Rode on a new section of the Hokuriku Shinkansen line that opened two weeks ago between Tsuruga and Kanazawa. When completed, this line will offer an alternative bullet train route between Tokyo and Osaka.
I’m now in Kanazawa (blue dot) which will be my base for the next three days. Authorities are begging tourists to return after the January 1, 2024 earthquake devastated areas in the peninsula north of Kanazawa. Today I traveled 144 miles from Osaka via two bullet trains and four local trains. Along the way, I paused for a hike.
Today I was a full-throttle tourist. There’s so much to see in Kanazawa, so many stories. It’s amazing that this major city escaped WW2 bombings. As a result, Edo-period (pre-1868) streets like this one still stand, making them national treasures.
Cycled the Hakusan-Tedori River Route, a rail trail near Kanazawa where I’m staying. In this photo I’d been cycling towards the Northern Japan Alps for a couple hours; rice paddies flank the trail. I hadn’t realized there was a gradual incline most of the way, so the return trip was faster.
Monday. Travelled by bullet train from Kanazawa to Tokyo, then transferred to a local train for Yokohama (part of Greater Tokyo), my final stop on this trip. On Wednesday it will be a 20-minute ride on the Keikyu Line to Tokyo’s Haneda Airport international terminal.
In Yokohama, I explored a hillside area that served as the foreigners' section when Japan opened to the world in the 1850s. The Europeans and Americans who settled here played a vital role in Japan's modernization. The Foreign General Cemetery offers a glimpse into these lives, like this Scottish islander who became an officer with the NYK Line (Nippon Yusen Kaisha, founded 1885).

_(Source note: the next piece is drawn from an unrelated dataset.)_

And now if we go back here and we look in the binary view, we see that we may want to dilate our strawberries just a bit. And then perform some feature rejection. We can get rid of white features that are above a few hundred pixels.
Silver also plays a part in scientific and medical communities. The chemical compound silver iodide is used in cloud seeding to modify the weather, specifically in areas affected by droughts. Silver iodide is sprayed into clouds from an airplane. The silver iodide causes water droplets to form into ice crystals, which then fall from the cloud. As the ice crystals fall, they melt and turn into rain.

Completed my temple and shrine quota for this trip with a visit to Kamakura, Japan's capital from 1185 to 1333. On a hike along a fine trail in the hills above the city, I stumbled upon this tiny cave shrine. The few other hikers I encountered, nearly all Japanese and mostly older than me, seemed unfazed by the trail's more technical sections.

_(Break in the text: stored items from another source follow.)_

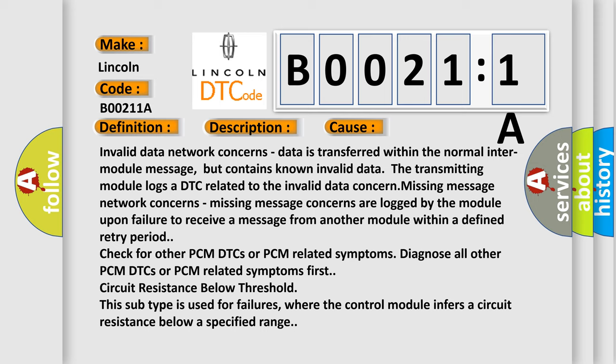Missing message network concerns. Missing message concerns are logged by the module upon failure to receive a message from another module within a defined retry period. Check for other PCM DTCs or PCM related symptoms. Diagnose all other PCM DTCs or PCM related symptoms first.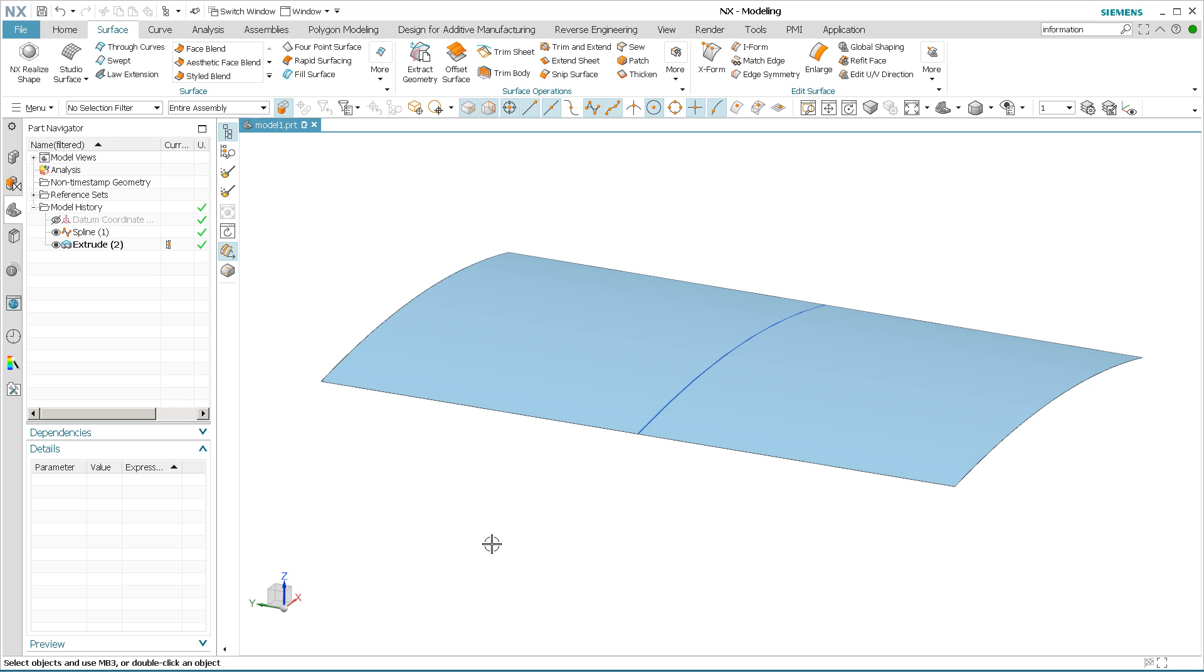Hey everyone, Steve here with Class A Surfacing. So every once in a while I get a question, what's the best way to validate my part is perfectly balanced across centerline?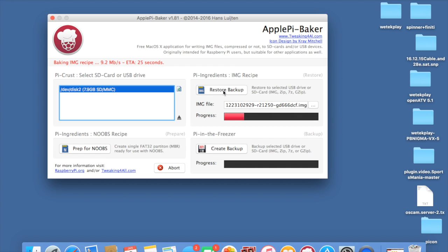So as you can see there on the far left, it says bake an image recipe. And there's roughly about 20 seconds to go now for it to be processed. Obviously the bigger the file, the longer it takes, but just stay with it guys. It just works fabulous and I've had no problems at all.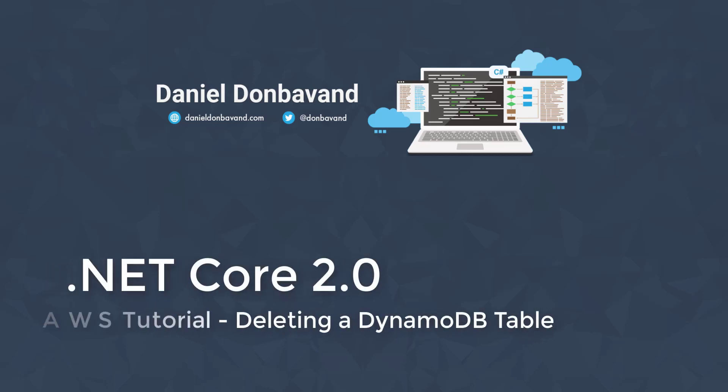In this video, we're going to look at how we can delete our DynamoDB table from AWS. If you haven't already seen parts one to four of the AWS DynamoDB series, you can find the links in the description below.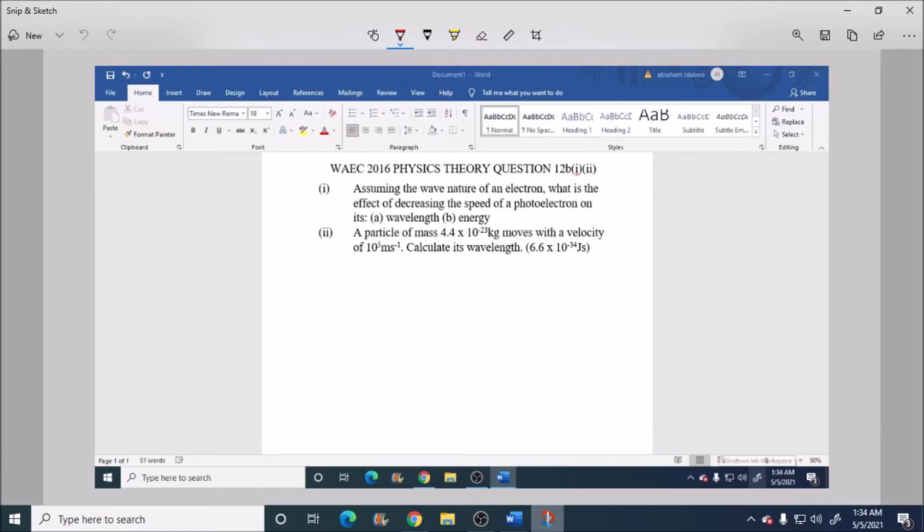Alright, now this is a continuation of the question 12A.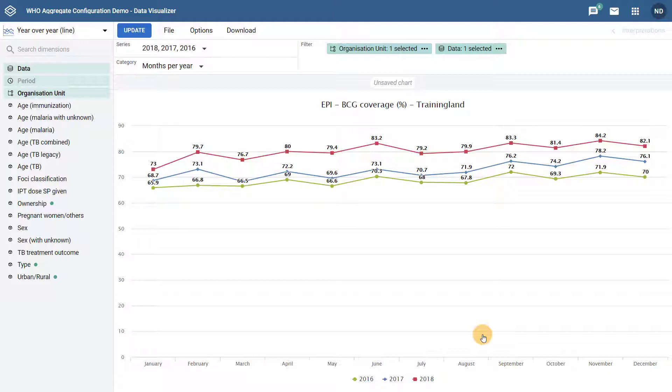The series has determined which years we are displaying data for, while the category determines how to group the data along the x-axis.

I rarely buy souvenirs; however, I have a running joke with my oncologist about Japanese KitKats. So, here I am in a typically garish and cluttered Don Quijote (Donki), selecting boxes of uniquely flavored KitKats for the care team: Strawberry Cheesecake, Amaou Strawberry, Island Lemon, and Tamaruya Wasabi.
Posted Temple Plumbing 2024 about four temples on the Shikoku 88 Pilgrimage I visited this year.